Turning point in the Tigray conflict
Ethiopia saw a turning point in the Tigray conflict last Monday. The military arm of the Tigray People’s Liberation Front (TPLF) recaptured the regional capital Mekelle from the hands of the Ethiopian armed forces. The Ethiopian army had captured the provincial capital about seven months ago with the support of the Eritrean military. Only a short time after the military defeat, the central government of President Abiy Ahmed declared a unilateral and unconditional ceasefire until the end of the upcoming harvest season. According to the central government, the ceasefire should on the one hand help to improve access for humanitarian aid and on the other hand enable the rapid reconstruction of the region. However, TPLF leaders have so far categorically rejected the ceasefire. The Eritrean side has not yet taken a position on the ceasefire. On Tuesday, the insurgents captured further areas in the conflict region of Tigray. These include the town of Shire, located about 140 kilometres northwest of the provincial capital Mekelle. Due to the latest developments, the USA, Ireland and the United Kingdom requested an emergency meeting of the UN Security Council (UNSC) for the end of the week. The future of the country depends on whether and when the conflict-parties can be persuaded to engage in dialogue. However, there is currently little to suggest that this could happen soon. Meanwhile, months of fighting have already led to a humanitarian crisis in Tigray. The United Nations (UN) estimates that more than 1.7 million people have been displaced. Five million people in Tigray are in need of humanitarian assistance.

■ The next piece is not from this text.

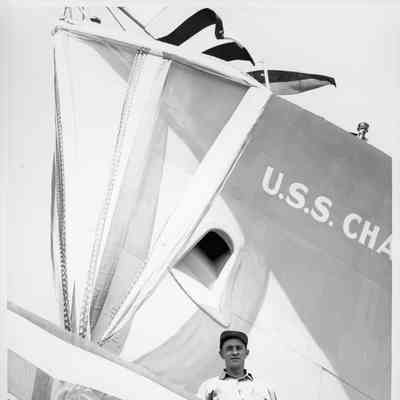 Unidentified workmen at christening of unknown ship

Replacement of the leadership in Burkina Faso
On Wednesday, Burkinabe President Roch Marc Christian Kaboré announced that he had removed both Defence Minister Chériff Sy and Security Minister Ousséni Compaoré from their posts. In future, Kaboré will take over as Defence Minister in addition to his role as President of the country, and Maxime Koné will replace Security Minister Compaoré. The change was preceded by numerous deadly attacks, which, despite the thousands of UN peacekeepers stationed on the ground, have increased sharply since the beginning of the year. Those responsible are groups formerly from Mali and are seen in connection with Al-Qaeda and the Islamic State. In particular, the attacks in Solhan on 4th and 5th June this year had led to protests throughout the country. In mid-June, the political opposition called for the dismissal of Prime Minister Dabiré and Defence Minister Compaoré in view of the worsening situation. Before his re-election in November 2020, Kaboré had promised to start negotiations with the Islamists, an election promise that was met with a lack of understanding by large parts of the population and has not yet been fulfilled. Due to the latest incidents, Kaboré now came under increasing pressure – also from the civil society movement Sens – to take steps to ensure peace and security in the country. But it is not only the domestic political developments that are likely to have an impact on security in Burkina Faso. On 10 June, French President Emmanuel Macron had announced the end of Operation Barkhane and consequently the withdrawal of French troops from the Sahel after seven years. Although France does not maintain its own military bases in Burkina Faso, patrols are regularly sent into the country from neighbouring Mali. It remains to be seen how the French withdrawal will affect the tense situation in Burkina Faso.
In other news
The annual Sardine Run has reached the South African port city of Durban. Like every summer between May and July, billions of sardines swim from the cold south to the warm north. During their migration, the fish move very close to the coast because they are being chased by hungry predatory fish and birds. So, it is not only professional fishermen who enjoy an excellent yield, but also the local population who use simple plastic containers as the fish are easy to catch due to their proximity to the beach. Those who do not want to try and catch the sardines themselves can buy them at one of the stalls on the beach. The fascinating natural spectacle is so powerful that it can even be observed by satellite and attracts – under normal conditions – numerous visitors from all over the world.